As a senior student at Stern College for Women, I am amazed every day that YU is among the many great towers erected in New York City. After all the hardships the Jewish people have faced and the horrific aftermath of the Holocaust, YU is full of students embracing Torah values and advancing in secular and religious studies. In fact, this year alone, we have seen the largest increase of undergraduate students on campus in 15 years and an 88% increase in graduate school enrollment since 2016.
YU has given its students every possible resource including a library that is home to thousands of books, half of the inventory being just on the subject of Judaism alone. Multiple kosher kitchens on campus make it possible for students to easily keep kosher. A beautiful beit midrash overlooking Lexington Avenue, courses designed to immerse our souls in Torah study, an entire faculty and staff designated to enhance spiritual growth in students, dorm rooms with mezuzot on every door post, multiple campus rabbis on speed dial, hundreds if not thousands of washing cups at all sinks on campus so you can fulfill a mitzvah and an entire office designated for supporting students who want to make aliyah. Hundreds of yearly events, carnivals, concerts, trips, and speakers are all dedicated to the Jewish State of Israel.
With the ongoing war in Gaza, universities across the world are experiencing a great surge in antisemitism and hate crimes. Hamas’s Oct. 7 massacre, in which the terrorist group slaughtered and kidnapped innocent Israeli lives, has fueled American students, leading to hostile and dangerous environments for Jewish students on American college campuses. Swastikas, Nazi salutes, physical violence, threats, and chanting for the destruction of the State of Israel have left Jewish students helpless.
Columbia University has become a hotbed of antisemitism. According to reports from the Anti-Defamation League, “anti-Israel protestors who were gathered just outside the campus gates to support student encampment reportedly screamed at a group of Jewish students, repeatedly referencing Hamas’s October 7 attack on Israel.” They screamed, “Let it be known that it was the Al-Aqsa Flood [Hamas’s name for the October 7 attack] that put the global Intifada back on the table again.”

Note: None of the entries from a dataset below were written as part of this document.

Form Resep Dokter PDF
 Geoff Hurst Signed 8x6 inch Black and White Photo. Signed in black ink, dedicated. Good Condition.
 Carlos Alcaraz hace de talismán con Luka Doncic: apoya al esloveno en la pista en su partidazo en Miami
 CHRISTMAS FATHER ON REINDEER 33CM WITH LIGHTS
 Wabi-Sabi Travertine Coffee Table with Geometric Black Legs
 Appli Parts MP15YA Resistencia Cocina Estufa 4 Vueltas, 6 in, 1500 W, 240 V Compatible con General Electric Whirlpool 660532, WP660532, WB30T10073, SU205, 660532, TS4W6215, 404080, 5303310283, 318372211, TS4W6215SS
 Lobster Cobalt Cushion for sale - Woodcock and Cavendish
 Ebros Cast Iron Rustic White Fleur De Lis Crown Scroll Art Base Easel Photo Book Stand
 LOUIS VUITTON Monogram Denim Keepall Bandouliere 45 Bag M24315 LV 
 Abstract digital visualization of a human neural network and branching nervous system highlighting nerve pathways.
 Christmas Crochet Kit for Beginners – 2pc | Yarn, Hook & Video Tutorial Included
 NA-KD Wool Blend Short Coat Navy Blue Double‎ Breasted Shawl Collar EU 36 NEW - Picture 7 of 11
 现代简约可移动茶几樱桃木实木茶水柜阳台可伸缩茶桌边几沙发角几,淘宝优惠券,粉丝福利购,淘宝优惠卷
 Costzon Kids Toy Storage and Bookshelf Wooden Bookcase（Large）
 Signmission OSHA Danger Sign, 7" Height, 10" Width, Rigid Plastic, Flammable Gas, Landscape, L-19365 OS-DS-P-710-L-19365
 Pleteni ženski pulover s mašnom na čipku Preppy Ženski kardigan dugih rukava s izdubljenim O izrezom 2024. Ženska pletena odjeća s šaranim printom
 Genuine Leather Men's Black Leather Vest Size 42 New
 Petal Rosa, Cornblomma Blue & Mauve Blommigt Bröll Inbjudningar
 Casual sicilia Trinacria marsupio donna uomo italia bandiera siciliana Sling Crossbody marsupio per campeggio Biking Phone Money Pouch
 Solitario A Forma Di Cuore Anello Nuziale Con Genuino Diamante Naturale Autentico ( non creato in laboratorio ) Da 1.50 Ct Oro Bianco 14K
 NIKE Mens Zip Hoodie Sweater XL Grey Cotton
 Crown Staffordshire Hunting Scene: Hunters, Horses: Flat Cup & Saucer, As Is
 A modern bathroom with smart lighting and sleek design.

Furthermore, according to NBC News, two Jewish students from the University of Pittsburgh “were walking to their first Shabbat service of the school year wearing yarmulkes. As they made their way to the campus Hillel building, they said, an older man wearing a keffiyeh approached them from behind and started to beat them with a large glass bottle.” These are only two examples of antisemitic crimes from a 360% increase in antisemitism since Oct. 7.
Yet, there is still a place of refuge. YU has once again proven to be the pinnacle of support for the Jewish State, the Israeli Defense Forces, and the largest academic advocate for Israel the world has ever seen. The first thing you see when you walk into Stern College for Women is the hundreds of hostage posters on the wall hung up by students. Yet, what captivates me is not the posters themselves, but that I can count on those posters being there tomorrow. In any other academic institution, a poster of a baby being held in Gaza cannot last more than a minute without being vandalized or torn down by anti-Israel students.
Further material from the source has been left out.